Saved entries
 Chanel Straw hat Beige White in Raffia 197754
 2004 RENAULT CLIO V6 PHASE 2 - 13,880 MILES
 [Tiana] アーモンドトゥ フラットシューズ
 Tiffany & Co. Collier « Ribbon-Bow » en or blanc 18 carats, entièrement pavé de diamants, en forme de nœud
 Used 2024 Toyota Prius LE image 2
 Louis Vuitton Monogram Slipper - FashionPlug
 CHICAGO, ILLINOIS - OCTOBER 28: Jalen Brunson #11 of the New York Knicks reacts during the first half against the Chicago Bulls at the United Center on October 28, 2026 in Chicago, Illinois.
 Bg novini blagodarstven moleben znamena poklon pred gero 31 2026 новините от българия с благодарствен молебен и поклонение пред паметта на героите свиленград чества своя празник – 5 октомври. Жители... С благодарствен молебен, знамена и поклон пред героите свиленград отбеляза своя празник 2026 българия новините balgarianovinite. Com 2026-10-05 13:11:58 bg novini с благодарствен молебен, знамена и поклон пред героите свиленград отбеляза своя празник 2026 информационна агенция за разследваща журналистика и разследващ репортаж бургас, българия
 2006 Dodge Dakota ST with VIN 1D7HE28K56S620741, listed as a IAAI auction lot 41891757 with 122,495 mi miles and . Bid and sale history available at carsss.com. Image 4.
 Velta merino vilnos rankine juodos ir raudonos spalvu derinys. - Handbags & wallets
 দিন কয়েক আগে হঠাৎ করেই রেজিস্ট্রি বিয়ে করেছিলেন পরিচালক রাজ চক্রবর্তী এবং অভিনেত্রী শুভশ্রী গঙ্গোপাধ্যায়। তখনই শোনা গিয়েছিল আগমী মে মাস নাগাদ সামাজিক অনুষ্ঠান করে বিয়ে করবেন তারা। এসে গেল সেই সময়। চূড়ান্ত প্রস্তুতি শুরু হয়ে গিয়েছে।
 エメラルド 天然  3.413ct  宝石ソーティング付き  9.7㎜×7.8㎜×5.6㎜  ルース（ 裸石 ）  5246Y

WHAT YOU ARE ASKED TO DO> Could you restate word for word the lines above, from the one that contains "Used 2024 Toyota Prius LE image 2" through the one that contains "Bg novini blagodarstven", and no others?

SOLUTION TO THE EXERCISE>
 Used 2024 Toyota Prius LE image 2
 Louis Vuitton Monogram Slipper - FashionPlug
 CHICAGO, ILLINOIS - OCTOBER 28: Jalen Brunson #11 of the New York Knicks reacts during the first half against the Chicago Bulls at the United Center on October 28, 2026 in Chicago, Illinois.
 Bg novini blagodarstven moleben znamena poklon pred gero 31 2026 новините от българия с благодарствен молебен и поклонение пред паметта на героите свиленград чества своя празник – 5 октомври. Жители... С благодарствен молебен, знамена и поклон пред героите свиленград отбеляза своя празник 2026 българия новините balgarianovinite. Com 2026-10-05 13:11:58 bg novini с благодарствен молебен, знамена и поклон пред героите свиленград отбеляза своя празник 2026 информационна агенция за разследваща журналистика и разследващ репортаж бургас, българия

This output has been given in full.